A statement by the Kenosha Professional Police Association criticized the governor, saying "As always, the video currently circulating does not capture all the intricacies of a highly dynamic incident. We ask that you withhold from passing judgement until all the facts are known and released.” Police have said they were at the location where Blake was shot in response to a domestic incident, but have not explained why officers used potentially deadly force. One neighbor told the Milwaukee Journal Sentinel that before the shooting Blake had been barbecuing outside with his kids and was seen trying to break up a fight between adults.
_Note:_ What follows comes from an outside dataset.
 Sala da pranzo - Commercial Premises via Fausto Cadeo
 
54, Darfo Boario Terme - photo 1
Three of Blake's children were in the vehicle where he was shot, said attorney Benjamin Crump, who is representing the family. Kenosha Alderman Anthony Kennedy described local residents as understandably angry over the shooting. “They're very frustrated and very vocal in their frustration," he said. Evers said he would call the Wisconsin legislature into session on Aug. 31 in order to consider legislation meant to reduce police brutality. But Republican lawmakers, who control both the House and Senate, indicated they want to move more slowly. [Milwaukee Journal Sentinel; Kenosha News; Chicago Tribune]

MILITIA GOVERNMENT | A number of local and state elected officials in Idaho have ties to the state’s burgeoning militia movement or have “liked” groups like Oath Keepers or Three Percenters on Facebook. [Idaho Statesman]
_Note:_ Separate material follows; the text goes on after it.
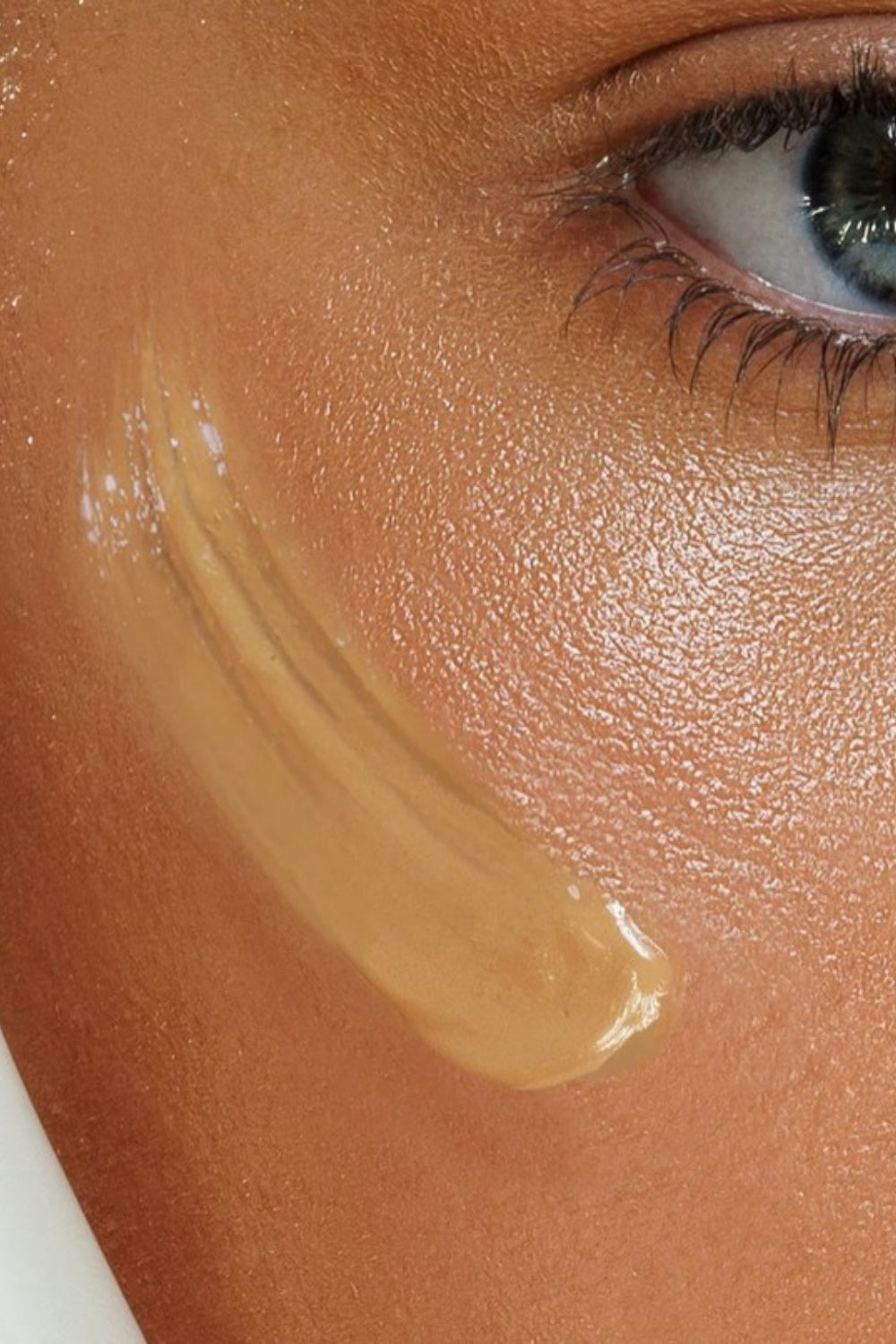 AVOCADO ZINC NATURAL TINTED MOISTURISER SPF50 MEDIUM DARK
REOPENED INTERSTATE | Colorado officials have reopened Interstate 70, a major east-west corridor in the state. The road had been closed in both directions between Glenwood Springs and Gypsum—a stretch in the middle of Colorado—for two weeks because of a raging wildfire. The Grizzly Peak fire is one of four major wildfires burning in Colorado. [Denver Post]
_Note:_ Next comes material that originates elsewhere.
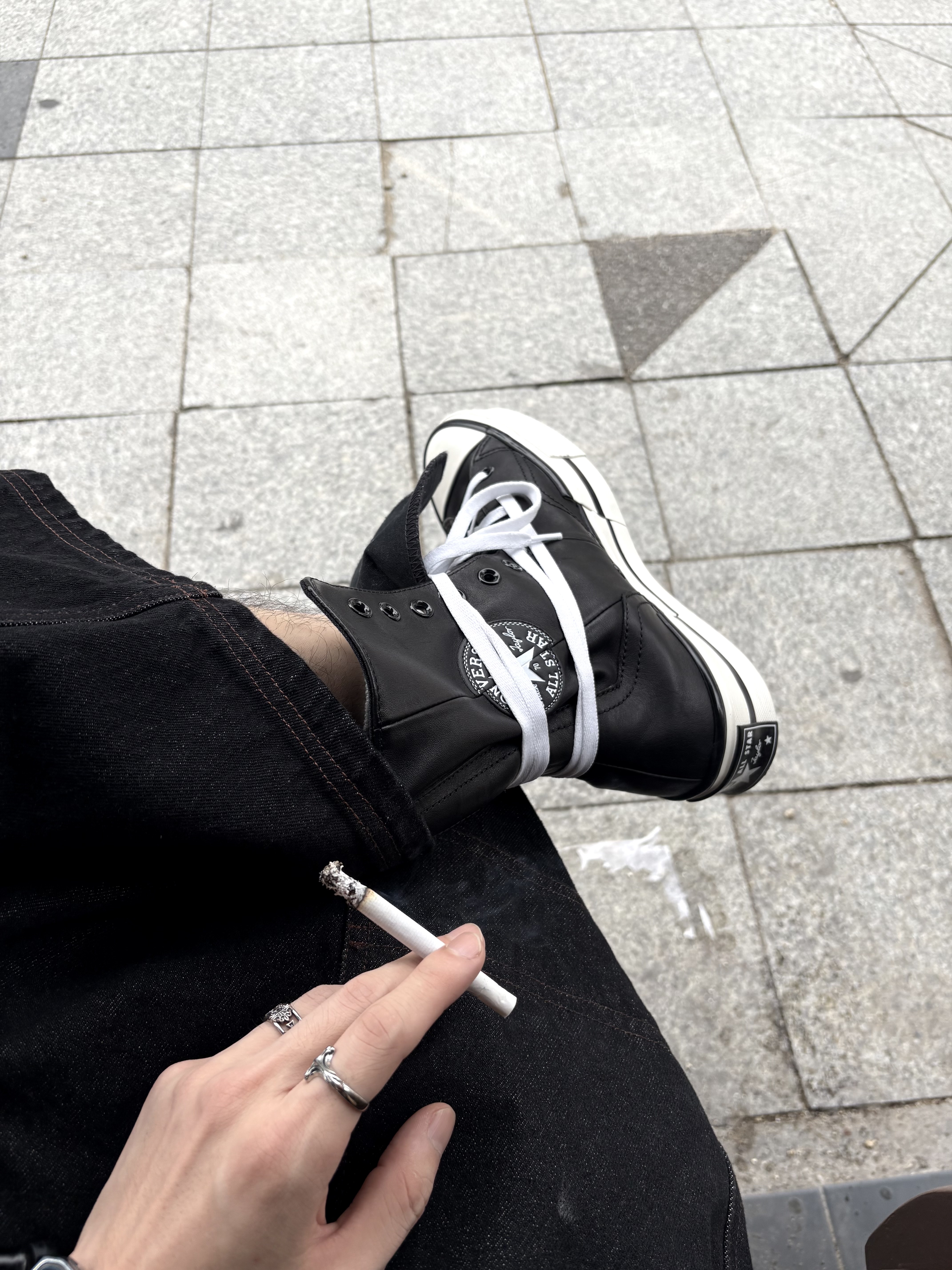 Converse Chuck 70 Plus X Hi Leather Black 착용 스타일 - 3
PROTEST FELONY | Tennessee Gov. Bill Lee signed a law that will make camping on state property, like the Capitol grounds, a felony crime punishable by one to six years in prison. The measure was drawn up in response to protests against police brutality. Camping on government property was previously a misdemeanor. [The Tennessean]

RENAMED SEWER PLANT | In a tongue-in-cheek video, Danbury Mayor Mark Boughton announced the Connecticut city renamed its sewer plant for John Oliver after the comedian lashed out at its jury selection process on a recent episode of his HBO show. “We are going to rename it the John Oliver Memorial Sewer Plant. Why? Because it's full of crap just like you, John,” Boughton said in a video. On a recent “Last Week Tonight With John Oliver” show, Oliver took aim at a number of Connecticut municipalities for racial disparities during jury selection. But Oliver had some remarks specifically for Danbury, located about 50 miles outside of New York City. “I know exactly three things about Danbury,” he said. “USA Today ranked it the second-best city to live in in 2015, it was once the center of the American hat industry and if you’re from there, you have a standing invite to come get a thrashing from John Oliver—children included—(expletive) you.” [Associated Press]

Laura Maggi is the managing editor of Route Fifty.